Given records:
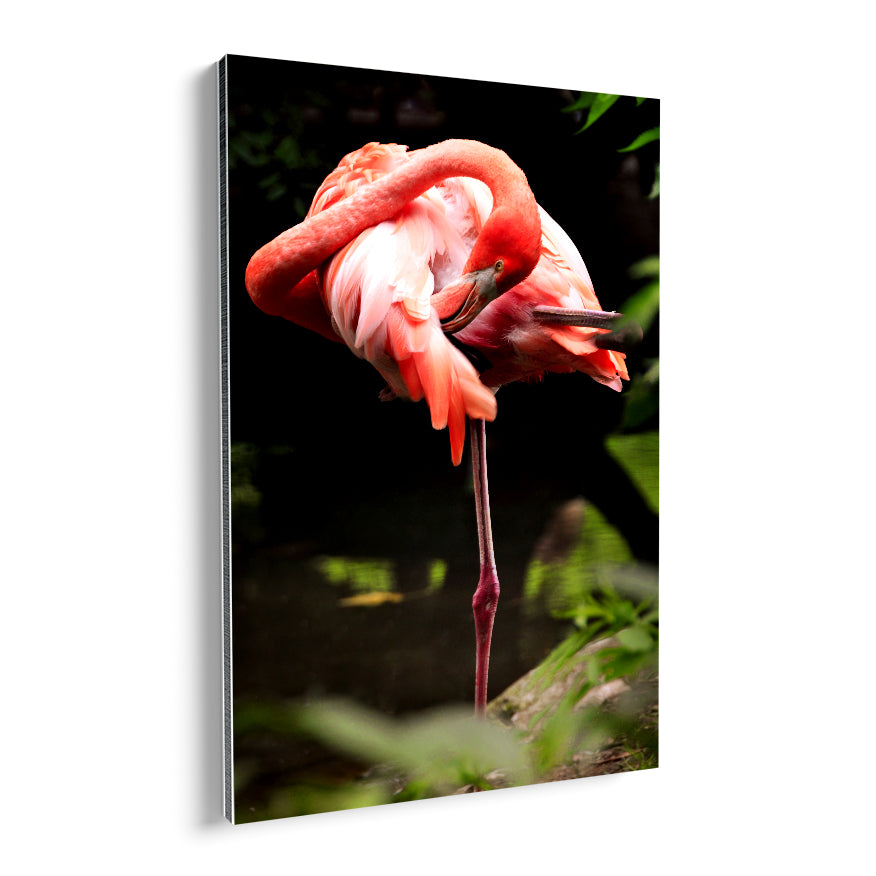 Flamenco Rosa
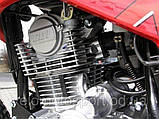 Мотоцикл Viper V250L, фото 8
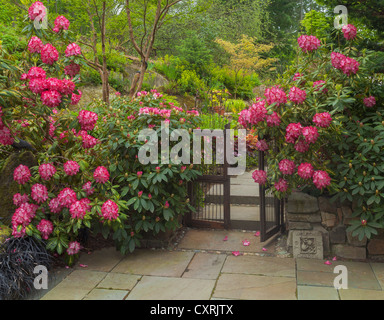 Rododendri 'il presidente Roosevelt' blooming contro un cancello in legno fatto cenno ai visitatori in un giardino appartato Foto Stock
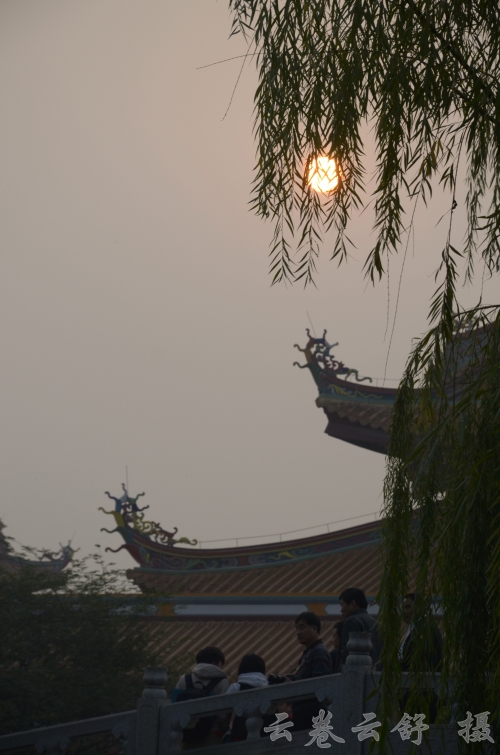 _DSC7752_conew1.jpg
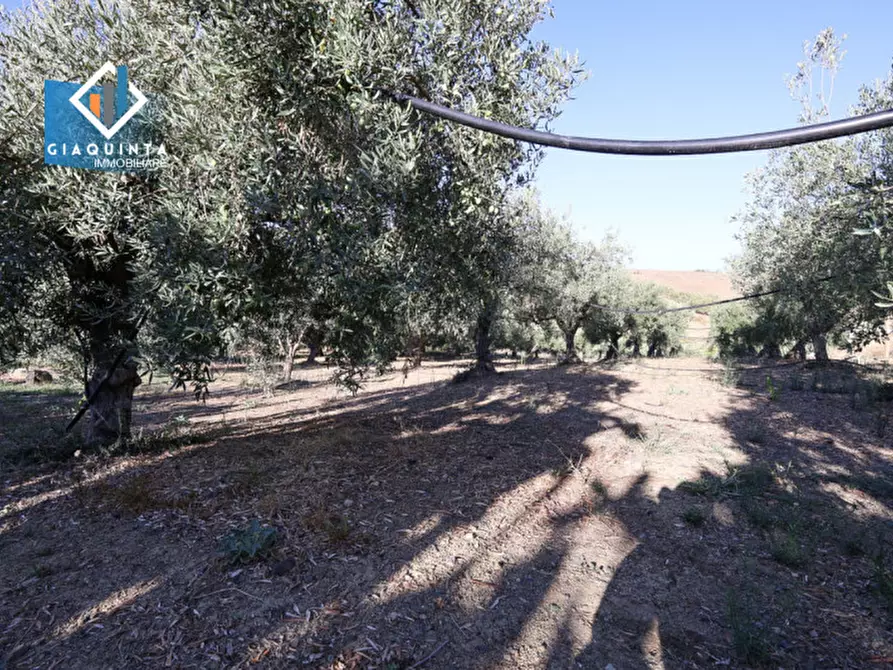 Immagine 11 di Terreno in vendita  in Contrada Sparagogna a Palagonia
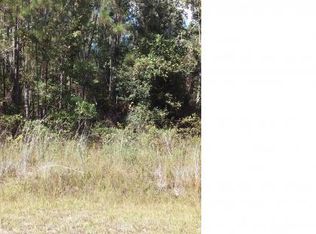 10405 W Deep Creek Blvd, Hastings, FL 32145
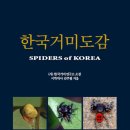 짝커피호프 루리웹 뉴스보드
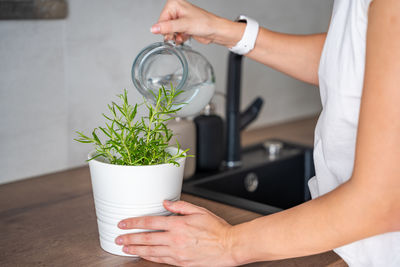 Midsection of man holding potted plant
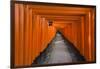 Senbon Torii, thousands of Torii gates, in Fushimi Inari Shrine, Kyoto, Japan-Keren Su-Framed Photographic Print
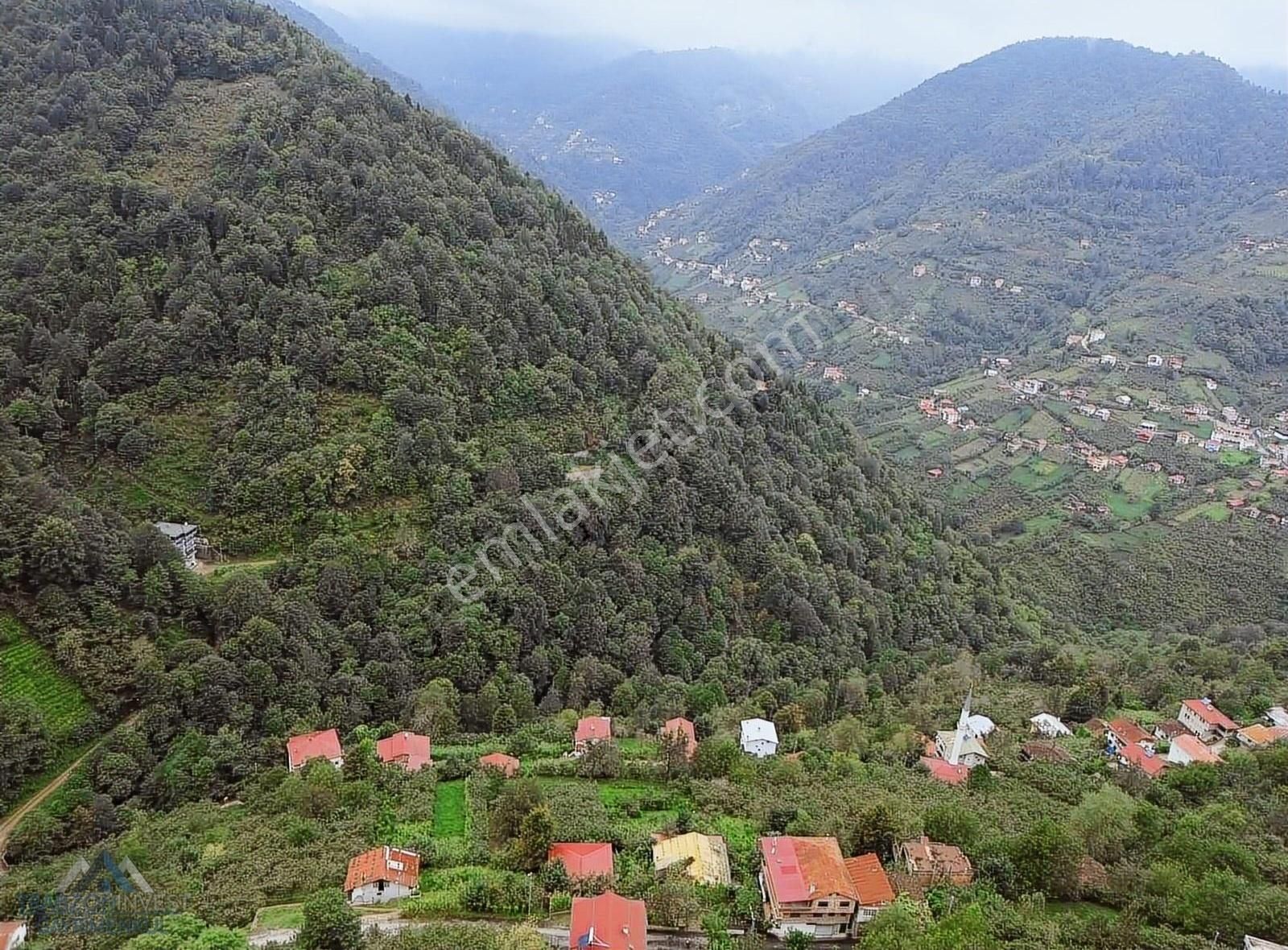 Dernekpazarı Ormancık Satılık Tarla Trabzon Dernekpazarın'da Satılık Ev Yapımına Uygun Arazi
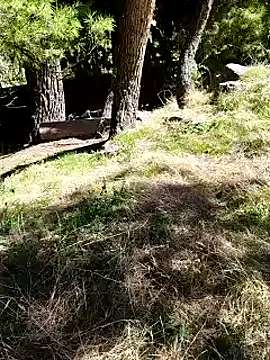 K-27 online show from 4, 10, 2025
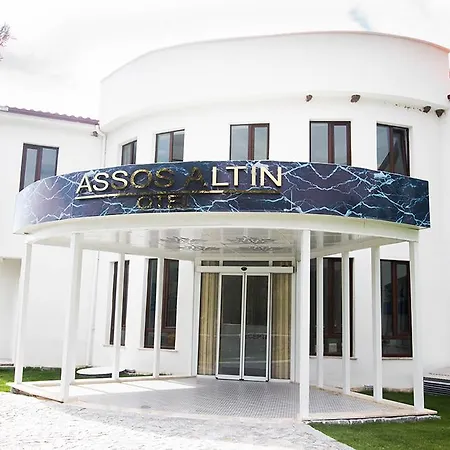 Altin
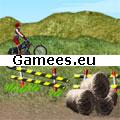 Moto Rallye SWF Game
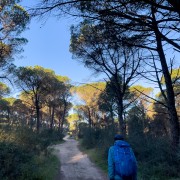 IMG 0650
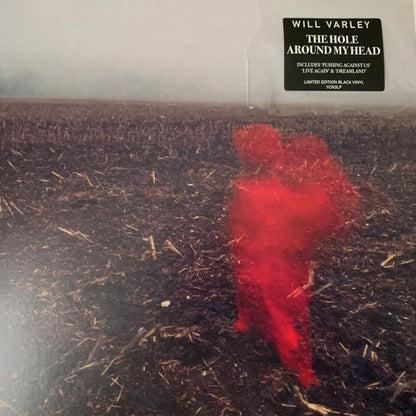 Will Varley - The Hole Around My Head | Mint (M) Mint (M)-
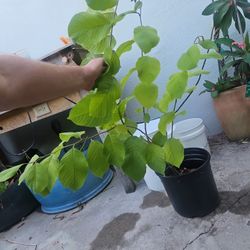 Cherimoya Tree 3 Years Old 3.5 Foot Tall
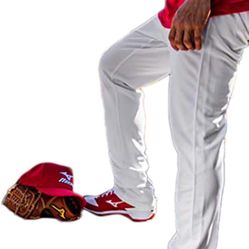 Mizuno Adult Men's Premier Pro Baseball Pant G2. Size, adult small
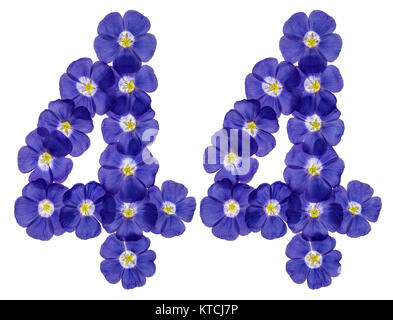 Arabic numeral 44, forty four, from blue flowers of flax, isolated on white background Stock Photo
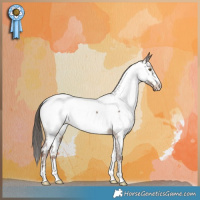 Horse Color:Liver Red Dun Appaloosa Brindle 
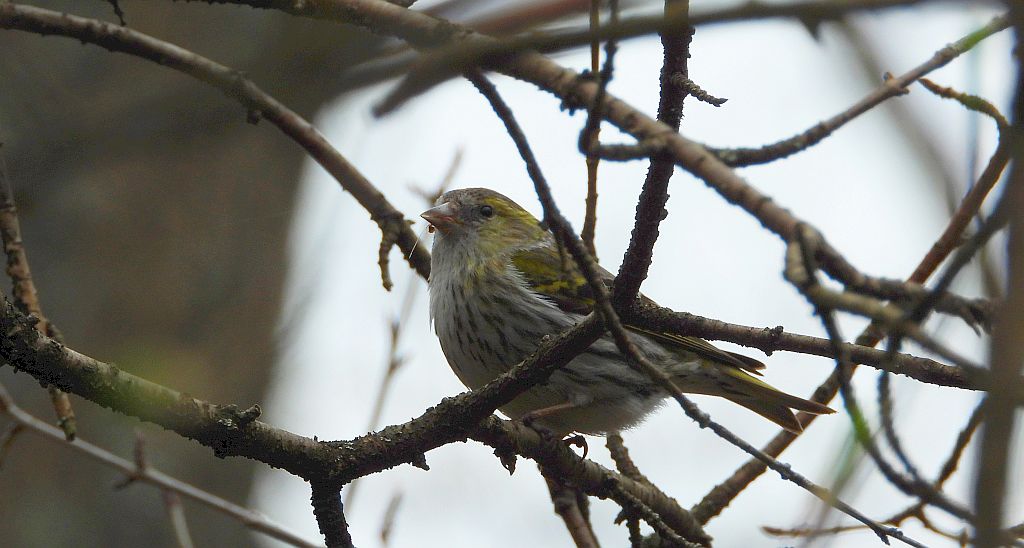Czyż zwyczajny, czyż pospolity, czyżyk (Spinus spinus)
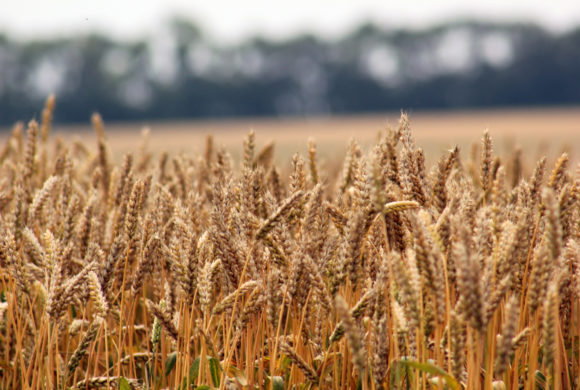 Насіння озимої пшениці. Іноземні та українські сорти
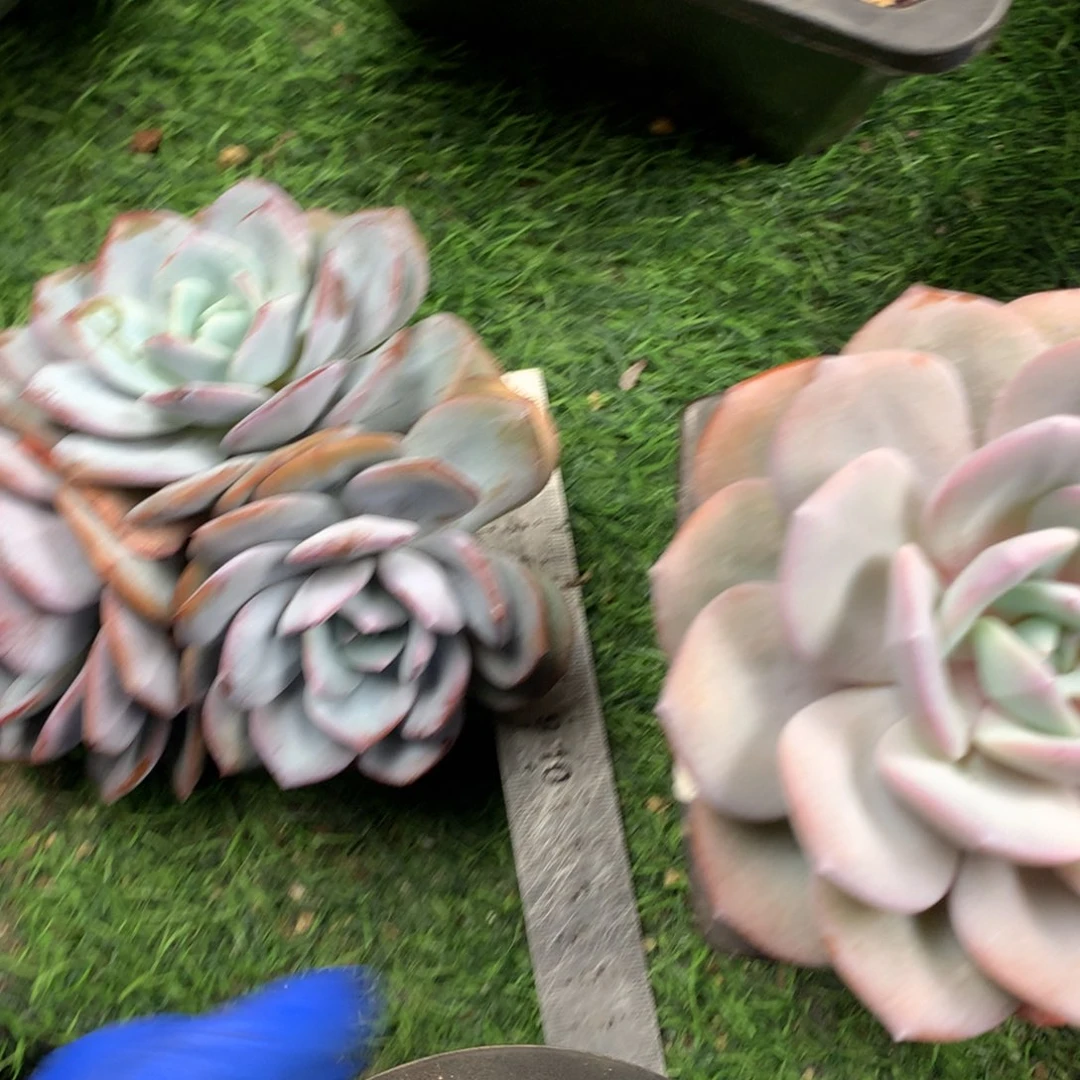 奶茶多肉大头潜力股发货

Exercise directions: The answer consists solely of the lines from the one holding "Arabic numeral 44, forty" through the final line of the records, both ends included, each duplicated exactly. Leave images out.

Result for this exercise:
 Arabic numeral 44, forty four, from blue flowers of flax, isolated on white background Stock Photo
 Horse Color:Liver Red Dun Appaloosa Brindle 
Czyż zwyczajny, czyż pospolity, czyżyk (Spinus spinus)
 Насіння озимої пшениці. Іноземні та українські сорти
 奶茶多肉大头潜力股发货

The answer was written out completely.